The Australian Federal Government continues to implement significant and disruptive changes to the country's workplace relations landscape. The Fair Work Legislation Amendment (Secure Jobs, Better Pay) Act 2022, the first set of reforms, was hastily passed through Parliament last year without genuine consultation. Our stance remains unchanged: these reforms introduce increased costs and complexities to running businesses in Australia, posing risks to investment, jobs, and wages.

The second set of reforms, the Fair Work Legislation Amendment (Protecting Worker Entitlements) Bill 2023, is currently under consideration in Federal Parliament and is mostly non-controversial.

The government is currently engaging in consultations regarding certain aspects of its third set of reforms. We urge you to voice your opinions so that we can advocate for your business effectively.

These upcoming reforms carry the potential for far-reaching and unintended consequences, particularly if they encompass contracting arrangements within the powers of the Fair Work Commission (FWC).

Rest assured, we are committed to keeping you informed and helping you prepare for these changes.
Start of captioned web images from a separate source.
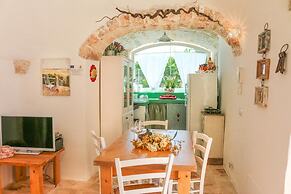 TD Trulli Della Rosatella Typical Trulli w Pool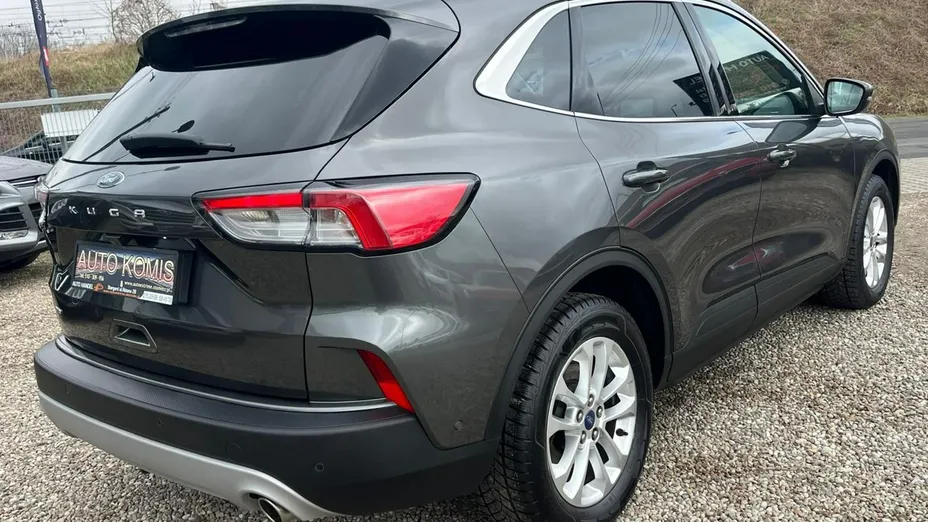 FORD Kuga -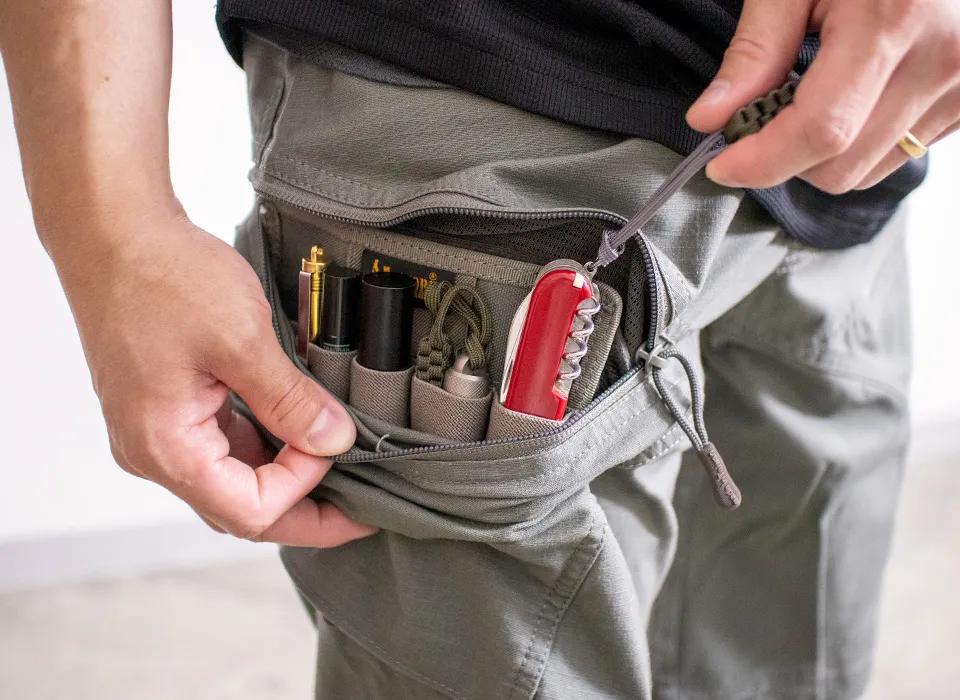 帅气有型还能解放双手,英军的货物短裤你值得拥有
Additionally, we are steadfast in our commitment to advocating strongly on your behalf, ensuring that your concerns and interests are effectively represented.

Chamber NT, along with other employer groups from across Australia, expressed concerns about the proposed industrial relations (IR) changes in the initial set of reforms.

We held significant reservations about various aspects of this legislation and recommended that it be divided into separate parts to allow for more extensive stakeholder engagement.

Collectively we argued the following points:

  • Changes to the single-interest stream of multi-employer bargaining were unjustified based on wage growth and posed a threat to small businesses.
  • Compulsory arbitration would only lead to delays in reaching agreements between parties.
  • Other concerns included the ability to reopen enterprise agreements during their term and the restriction placed on community services providers from utilising fixed-term contracts when necessary.